心理学研究法1
心理学研究法とは?
心理学とは、目に見えない”心”や”意識”を科学的な知見を用いることとで解明しようとする化学です。科学である以上は解明しようとすることが”事実”でなければいけません。そのため【人の行動】や【面接によるやり取り】などを客観的に捉え、それらを数値化・データ化することで分析を試みる研究が進まられてきました。今回はそんな心理学の分野でも【心理学研究】という領域に対して視点を向けて紹介できればと思います。
因果関係と相関関係
心理学研究において主要なテーマとして”独立変数”と”従属変数”の間にある何等かの関係性を解明する、といったものがりますこれらは統計においても使用される重要なテーマです。
・独立変数:研究者が操作することが可能な、従属変数に影響を及ぼすと考えられる何等かの要因(例:フライパンの上で卵焼きを作るとき、フライパンのみでは卵を焼くことができないが、ガスコンロやIHなどでフライパンを熱することで卵を焼くことができる。つまりこの時の独立変数は”ガスコンロやIHが発する熱”ということになる。)
・従属変数:独立変数の変化に応じて変化する変数(例:フライパンに熱が通るとその上に落とされた卵は焼けてしまう。これはフライパンに熱が通りフライパンの熱が変化したことで卵にも変化が生じたためであると言える。
因果関係
この独立変数と従属変数の間には大きく【因果関係】と【相関関係】と言われる関係性が存在する。【因果関係】とは、独立変数と従属変数の間に原因と結果という関係性のことです。また、特徴として関係性が一方通行であることが挙げられます。
・例:気温が高い季節になると水着の売り上げが上がるが、水着の売り上げが上がったからと言って気温が高い季節になるわけではない。
相関関係
一方の【相関関係】とは、実際の原因が定かではないがどうやら独立変数と従属変数との間に何らの関係がある状態のことです。
・例:水着の売り上げが上がるとアイスクリームの売り上げも上がる。この場合、一方が上がればおのずと一方も変化する。
このように因果関係と相関関係では”原因と結果”の所在が重要となってきます。
実験的研究と観察的研究
ここまで心理学研究における”独立変数”と”従属変数”の大まかな役割や立場を紹介してきました。ここからは実際に心理学研究をするを行うにあたって、具体的な方法を2つ紹介していきたいと思います。
実験的研究
心理学を研究するというと思い浮かぶのが、大学やどこかの研究室で複数の研究者が被験者に対して何等かの実験をしている描写ではないでしょうか。

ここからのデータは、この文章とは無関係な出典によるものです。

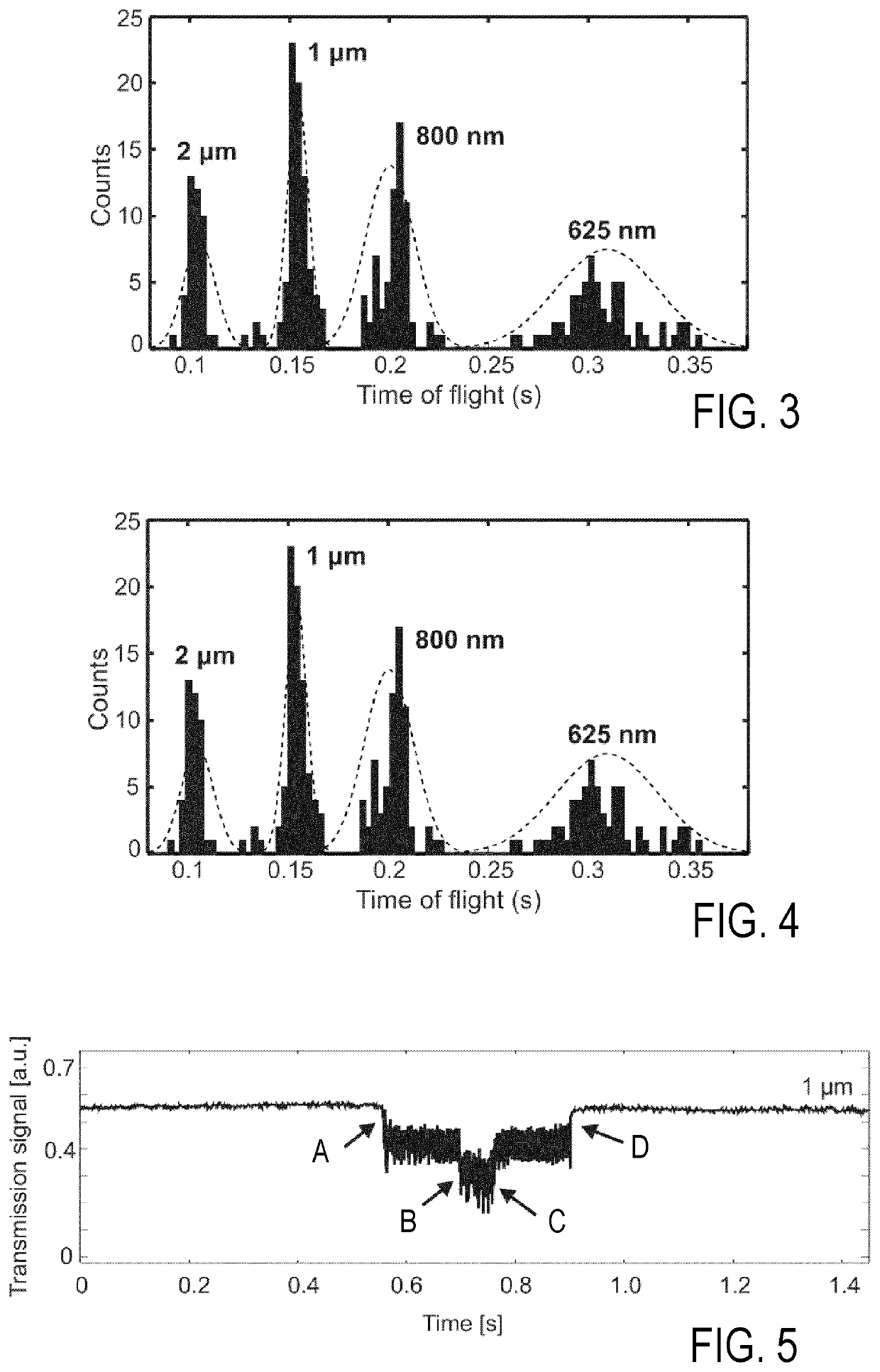 Apparatus and methods for particle testing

【実験的研究】はそのイメージに近い研究方法になります。【実験的研究】では、実際に研究をすることで解明したい心理的な現象等を2組の変数を用いて科学的に解明することが目的になります。
・例:暴力的な映像を視聴すると暴力的になりやすいのかを調べるために、被験者に暴力的な映像を見せたあとの行動の変化を調べる。
実験的研究では調査のみの研究などでは明らかにすることができない”因果関係”を見出すことに適しています。また、研究者が変数を統制することで得たい結果のみを法則的に再現することができるといったメリットがあります。つまり研究者が研究に介入できる点が特徴です。
観察的研究
一方の【観察的研究】とは、実際の実験を行う【実験的研究】とは異なり”研究者が介入することがない”研究です。研究者は変数を操作することなく、対象となる心理的な現象に関わるデータを収集し、それらを分析することで新たな知見を得たり因果関係を推測・解明することができます。
・例:暴力的な映像を視聴すると暴力的になりやすいのかを調べるために、過去に暴力的な映像を視聴した人物に対して「あなたは暴力的か」を問い、それらのデータ分析する。
このように【観察的研究】では実際に研究を行うことなく、観察や調査によって心理的な現象を解明しようとする。
まとめ
心理学研究において解明しようとする対象が【因果関係】であるのか【相関関係】であるのか、また、それらを【実験的研究】を用いて解明するのか【観察的研究】を用いて解明するのかは基本的な要素であるため、十分理解することで心理学をより深く知ることができます。